Indeed, Broder asserts that the “American people’s tolerance” will be tested, but he doesn’t back it up. He can’t — the evidence to the contrary is overwhelming. I know this because I learned it from Broder’s newspaper just a few weeks ago.
Former president Bill Clinton has emerged as a clear asset in his wife’s campaign for the White House, with Americans offering high ratings to his eight years in office and a solid majority saying they would be comfortable with him as first spouse, according to a new Washington Post-ABC News poll.
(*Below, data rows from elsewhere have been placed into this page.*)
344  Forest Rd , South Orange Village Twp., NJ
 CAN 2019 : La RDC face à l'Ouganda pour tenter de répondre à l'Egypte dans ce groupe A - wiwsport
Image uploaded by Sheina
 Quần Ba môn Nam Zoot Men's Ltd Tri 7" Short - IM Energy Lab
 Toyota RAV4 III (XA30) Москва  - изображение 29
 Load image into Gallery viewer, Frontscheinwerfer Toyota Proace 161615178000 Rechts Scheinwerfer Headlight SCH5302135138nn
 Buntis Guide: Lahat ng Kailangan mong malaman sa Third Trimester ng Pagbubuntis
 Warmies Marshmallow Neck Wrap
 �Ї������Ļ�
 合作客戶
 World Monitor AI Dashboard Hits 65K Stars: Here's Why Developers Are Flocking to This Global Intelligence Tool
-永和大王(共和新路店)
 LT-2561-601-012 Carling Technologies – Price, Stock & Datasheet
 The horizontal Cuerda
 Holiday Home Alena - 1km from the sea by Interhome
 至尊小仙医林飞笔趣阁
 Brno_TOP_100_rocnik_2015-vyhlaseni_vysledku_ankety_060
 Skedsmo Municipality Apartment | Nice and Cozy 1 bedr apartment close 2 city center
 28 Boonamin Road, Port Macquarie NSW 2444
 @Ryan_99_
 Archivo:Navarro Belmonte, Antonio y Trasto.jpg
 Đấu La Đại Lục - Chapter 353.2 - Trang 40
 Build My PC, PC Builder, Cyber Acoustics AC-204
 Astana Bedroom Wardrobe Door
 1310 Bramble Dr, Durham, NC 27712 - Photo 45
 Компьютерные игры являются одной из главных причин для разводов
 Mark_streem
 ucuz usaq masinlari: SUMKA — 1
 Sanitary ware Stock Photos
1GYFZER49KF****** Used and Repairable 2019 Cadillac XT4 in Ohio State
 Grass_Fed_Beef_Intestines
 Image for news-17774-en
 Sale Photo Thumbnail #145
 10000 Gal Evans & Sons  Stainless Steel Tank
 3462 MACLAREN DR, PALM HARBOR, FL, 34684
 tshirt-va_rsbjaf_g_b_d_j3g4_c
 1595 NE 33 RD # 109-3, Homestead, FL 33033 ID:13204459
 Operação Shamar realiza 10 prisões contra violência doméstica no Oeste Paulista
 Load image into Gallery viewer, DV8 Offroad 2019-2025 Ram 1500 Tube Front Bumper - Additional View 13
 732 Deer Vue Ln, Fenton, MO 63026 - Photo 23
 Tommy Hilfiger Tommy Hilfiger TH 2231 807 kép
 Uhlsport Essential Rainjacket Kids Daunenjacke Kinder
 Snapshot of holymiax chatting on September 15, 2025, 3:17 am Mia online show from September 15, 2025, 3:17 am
But Americans said they would not regard the election of Sen. Hillary Rodham Clinton (D-N.Y.) as simply the resumption of her husband’s presidency. Instead, two-thirds said she would take her presidency in a different direction, and half of all Americans said they believed that would be a good development. About half of those who said it would be a resumption described that as positive. […]
At this point, however, the former president is seen in favorable terms. Two-thirds of Americans said they approve of the job he did while he was in office — virtually the reverse of President Bush’s current approval rating, which stands at 33 percent. Clinton remains overwhelmingly popular among Democrats, and 63 percent of independents and even a third of Republicans also gave him positive marks.
Somehow, I don’t see a “severe” test of anyone’s patience, except maybe David Broder’s.
His column concluded with some analysis of the Clintons’ marriage.
No one who has read or studied the large literature of memoirs and biographies of the Clintons and their circle can doubt the intimacy and the mutual dependence of their political and personal partnership.
No one can reasonably expect that partnership to end should Hillary Clinton be elected president. But the country must decide whether it is comfortable with such a sharing of the power and authority of the highest office in the land.
It is a difficult question for any of the Democratic rivals to raise. But it lingers, even if unasked.
Hmm. Didn’t Broder vow, less than a week ago, not to analyze the Clintons’ marriage?